I'll also note that it'd be worth simply experimenting. I've done quite a bit of benchmarking on various table sizes, and I can say that route calculation doesn't really dominate the computation time until the matrices are quite large (like 10000x10000). Prior to that, the constant factor for each location (coordinate lookup in the spatial index) tend to dominate request times. A 10k x 10k table request is approximately 100,000,000 routes calculated, and it does that in about 8 seconds on my laptop. For a 1x10000 matrix, that's only, well, 10,000 routes calculated, so you can expect the route calculation part to only really contribute about 0.0008 seconds to the total response time. Note that OSRM still has to do spatial lookups on the 10,000 coordinates, so that factor will likely dominate.
CH makes most path calculations extremely cheap (at most a few hundred edges explored even for cross-country routes). If it were me, I probably won't bother to pre-optimize this step in a system until it proved to be a major point of performance loss.

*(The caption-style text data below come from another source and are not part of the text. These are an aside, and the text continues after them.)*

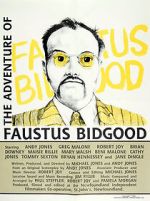 Watch The Adventure of Faustus Bidgood 123movieshub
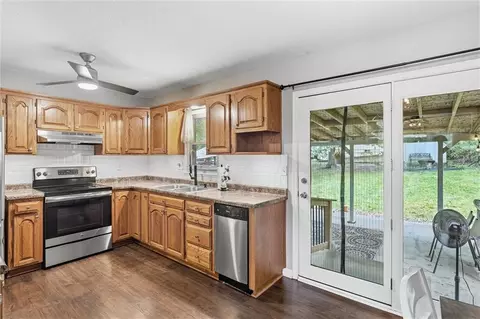 Kitchen - 16317 E 34th St, Independence, MO 64055 photo 1 of 4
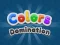 खेल Colors Domination ऑनलाइन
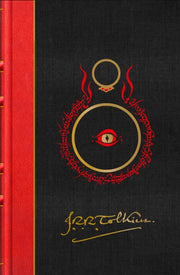 Lord Of The Rings Deluxe Singlevolume Il By Tolkien, J.r.r.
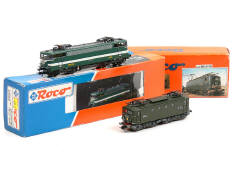 ROCO 'HO' (AUSTRIA) (2)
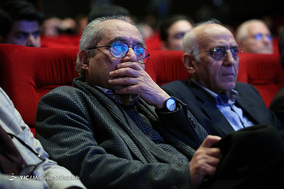 آئین گرامیداشت هنرمندان درگذشته سال ۹۷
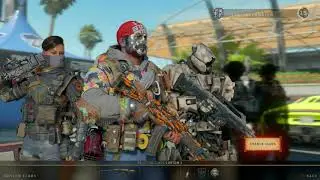 Call of Duty®: Black Ops 4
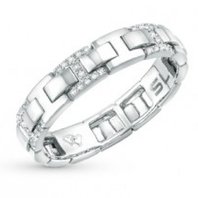 Обручальное кольцо S5680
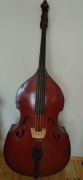 Kontrabas 4/4 model Antonius Stradivarius 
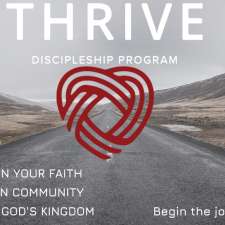 THRIVE at Bethany College | 703 2nd St E, Hepburn, SK S0K 1Z0, Canada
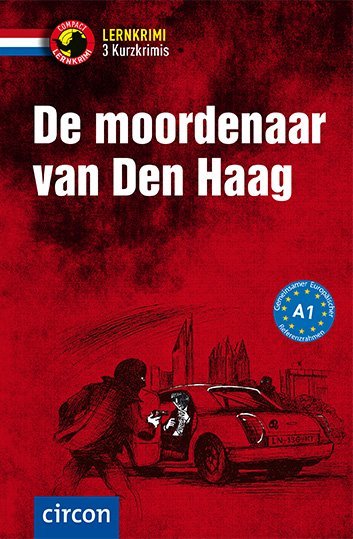 De moordenaar van Den Haag main product photo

The same can't be said for other routing algorithms (A*, etc) where route calculations can get really expensive - but CH turns out to be insanely fast most of the time.
Very interesting! If my destinations rarely change, is it possible to amortize the long/lat lookups?
Yes. Take a read of the docs and look at the hints= parameter. In the API response, in the sources= and destinations= objects, will be a hint property. If you pass this value back in using the hints=<hint1>;<hint2>;<hint3> parameter, it'll skip the spatial lookup step and just use the result you supply. Note that the hints are designed to be opaque, and are only valid if retrieved from OSRM using exactly the same datafiles (i.e. if you regenerate your map, your hints are invalidated).
Ah so that's what the hints are for! Thank you very much :D